Le plateau, très homogène, a assuré une représentation de très haut niveau, à commencer par le Tannhäuser de Peter Seiffert.
Voilà un authentique ténor wagnérien. Il en a la carure et l’épaisseur vocale, ainsi que le volume, impressionnant. Certes, pour mon goût, Seiffert en fait un peu trop sur les notes hautes tenues, et on sent qu’il fatigue, mais il se donne à fond, il s’engage vocalement comme rarement on le voit sur les scènes, il ne fait aucune économie sur sa voix, toujours à son maximum. Vraiment remarquable.
Le Landgrave de Sorin Coliban a la voix solide, mais il manque un peu de présence. Il n’a pas encore cette nature qui lui permettrait d’exister sur le plateau. Norbert Ernst (qui chantait la veille dans Frau ohne Schatten) et Lars Woldt composent respectivement de très bon Walther et Biterolf. Une grande maison se reconnaît à l’excellence de ses seconds rôles.
Mais on garde pour la fin le magnifique Ludovic Tézier, qui compose un Wolfram intense et émouvant, avec un style impeccable, un contrôle sur la voix parfait, cette remarquable prestation occasionne évidemment un gros succès personnel et une belle ovation finale. Ainsi la France possède-t-elle deux Wolfram de grand niveau, Ludovic Tézier et Stéphane Degout; beau temps pour le chant français.

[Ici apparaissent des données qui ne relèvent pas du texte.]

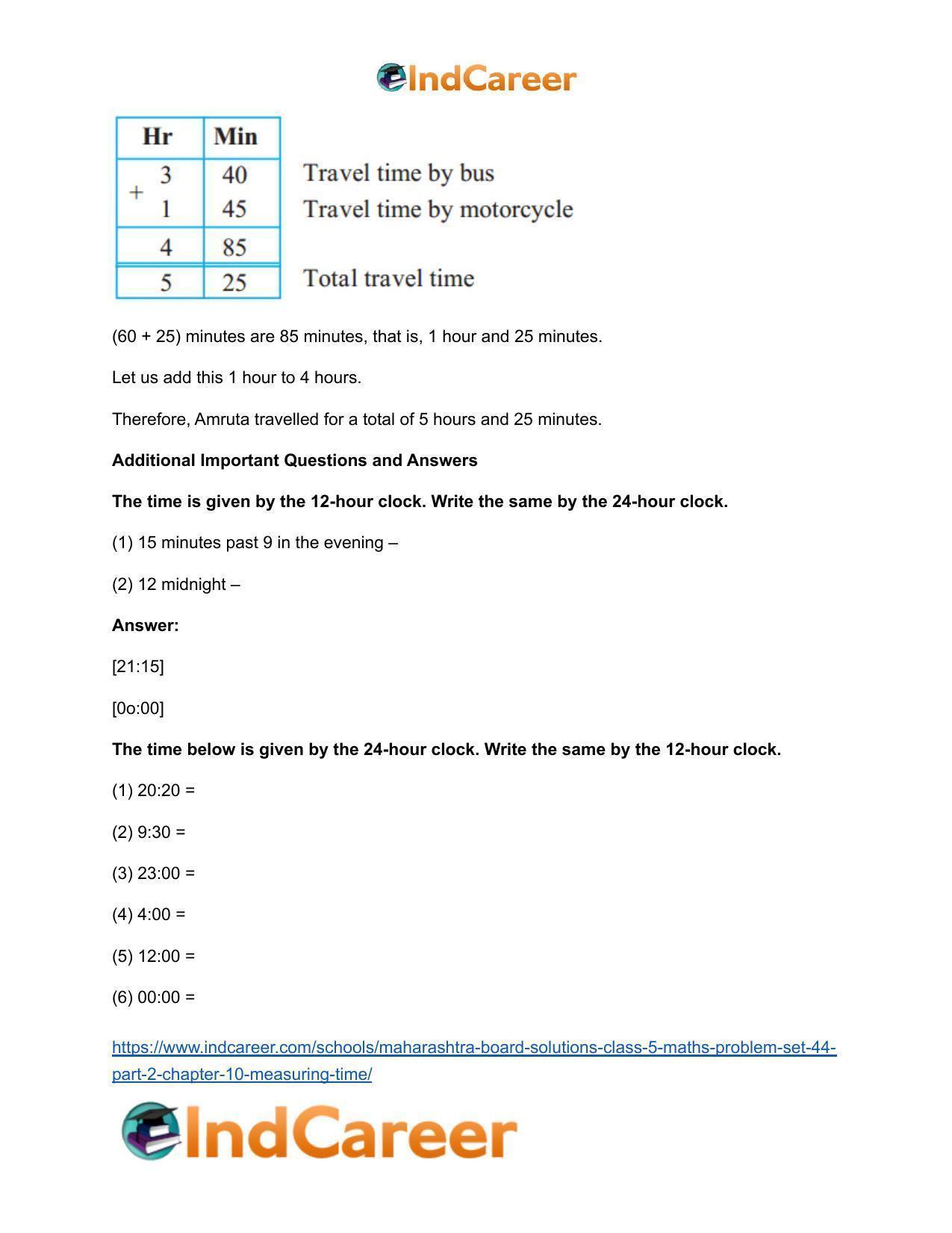 Maharashtra Board Solutions Class 5-Maths (Problem Set 44) - Part 2: Chapter 10- Measuring Time - Page 5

Du côté féminin, notons d’abord la jeune Valentina Naforniță: splendide découverte qui chante un « Junger Hirt » incroyablement émouvant. Un grand moment. Une voix à suivre.

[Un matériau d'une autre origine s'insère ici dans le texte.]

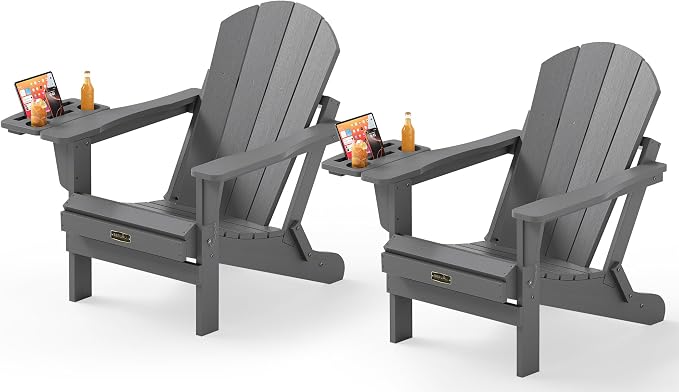 SERWALL Folding Adirondack Chair Set of 2, HIPS Adirondack Chairs with 4 in 1 Multi-Functional Cup Holder, Weather Resistant Plastic Chairs for Patio Garden Outdoors Fire Pit- Gray by SERWALL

La Venus d’Irene Theorin ne m’est pas apparue au sommet de sa forme, à moins que le rôle ne lui convienne pas , certes, la voix est là, et toujours avec un grave un peu détimbré mais sans l’aigu triomphant auquel elle nous habitués. Une prestation correcte, mais sans éclat.

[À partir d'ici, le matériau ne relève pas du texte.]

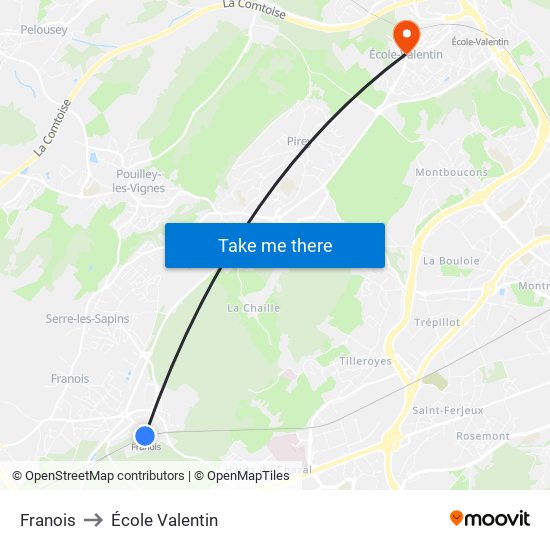 Franois to École Valentin map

Petra-Maria Schnitzler est une Elisabeth de très bon niveau. La voix n’est peut-être pas « caractéristique », au sens où elle n’est pas très expressive a priori, mais elle chante le rôle avec solidité jusqu’au bout, avec un magnifique troisième acte, alors que le deuxième acte qui réclame plus de volume, était peut-être un peu moins réussi. Il n’importe: l’ensemble de la distribution est solide, homogène, et accompagné surtout un choeur magnifique (uni au chœur philharmonique slovaque pour l’occasion) qui tout de même la condition sine qua non d’un bon Tannhäuser. Une telle représentation ailleurs serait considérée comme exceptionnelle, ici, c’est du répertoire, de très grande qualité, et d’une solidité musicale surprenante, grâce à un vrai chef et une compagnie de chanteurs globalement sans reproches.
A Vienne règne désormais Dominique Meyer, il est là le soir, à accueillir le public, très disponible pour chacun, bavardant, saluant, souriant, mais en même temps se montrant toujours un vrai spectateur, fan et manager. C’est suffisamment rare pour souligner cet engagement.